📖 Educations

  • Sep. 2019 - Dec. 2025 (now), Huazhong University of Science and Technology. Wuhan, China. Ph.D. in Control Science and Engineering.

📝 Publications

  1. Preference-CFR Beyond Nash Equilibrium for Better Game Strategies. (ICML 2025) Proposes the Preference Counterfactual Regret Minimization (Pref-CFR) algorithm to achieve diverse Nash equilibria, enabling customizable strategies by incorporating preference and vulnerability parameters. Demonstrates distinct play styles in Texas Hold’em without sacrificing strategic strength.
  2. Accelerating Nash Equilibrium Convergence in Monte Carlo Settings Through Counterfactual Value Based Fictitious Play (NeurIPS 2024). Introduces the Monte Carlo Counterfactual Value-Based Fictitious Play (MCCFVFP) algorithm for large-scale games, achieving 20–50\% faster convergence than standard MCCFR in complex settings like Texas Hold’em.
  3. Real-Time Weighted Fictitious Play: Converging to Equilibrium at the Speed of $O(T^{-1})$ in Games. Presents the Real-Time Weighted Fictitious Play (RTWFP) algorithm with $O(T^{-1})$ convergence in two-player zero-sum games, extending to correlated equilibrium and continuous-time FP. Outperforms existing algorithms in scalability and speed.
  4. ELO-Rated Sequence Rewards: Advancing Reinforcement Learning Models. Proposes ELO-Rated Sequence Rewards (ERRL), which uses ordinal preferences and ELO ratings to replace numerical rewards, achieving superior performance in long-term RL tasks like Atari benchmarks.

💻 Experiences

Fine-tuning LLM via Game Theory (Mar. 2025 ~ Now)
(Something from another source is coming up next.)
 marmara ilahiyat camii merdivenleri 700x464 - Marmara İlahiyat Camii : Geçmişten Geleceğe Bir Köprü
Exploring game-theoretic approaches to overcome data bottlenecks in LLM training. By enabling self-play to generate high-quality data, we aim to advance LLM fine-tuning beyond reliance on static datasets.
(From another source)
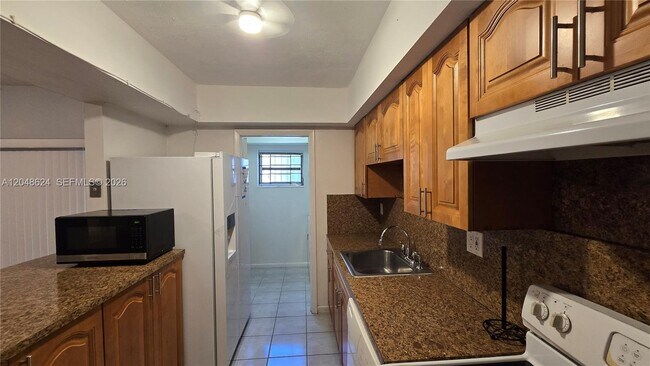 Foto del edificio - 8401 SW 107th Ave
SD Model Fine-Tuning via Reinforcement Learning at Vivo (Feb. 2025 ~ Apr. 2025)

Worked on fine-tuning Stable Diffusion with reinforcement learning. Designed a reward model combining aesthetics, textual relevance, diversity, and human feedback. Early results show improved image quality and alignment, with ongoing efforts to refine reward design and scale distributed training.

Texas Hold’em AI Development at Fen AI Lab (Sep. 2023 ~ Jan. 2024)

Contributed to building a poker AI rivaling Pluribus. Implemented and tuned MCCFR and its variants, optimized computation, and developed strategy storage and visualization tools. Helped achieve professional-level play in 2-player games.

Reinforcement Learning for Game NPCs at ByteDance Nuverse (Jul. 2021 ~ Mar. 2022)

During my role as the main implementer at ByteDance Nuverse from July 2021 to March 2022, I designed multi-style AI companion NPCs for the game One Piece: Burning Blood. Enhanced RL framework with a style evolution module, integrating human preference data to create diverse playstyles. Improved key performance metrics by 80–120%, with some models production-ready. Co-authored a paper on human–AI interaction.

Land Auction Strategy Optimization at China Resources Group (Feb. 2021 ~ Jun. 2022)

Developed a bidding algorithm for high-stakes land auctions by applying Fictitious Play to model competitor strategies and optimize bids. Validated in multiple live auctions, the method improved bid accuracy by 3–4× and increased win probability by ~5%. The algorithm was subsequently adopted as the standard tool for large-scale transactions.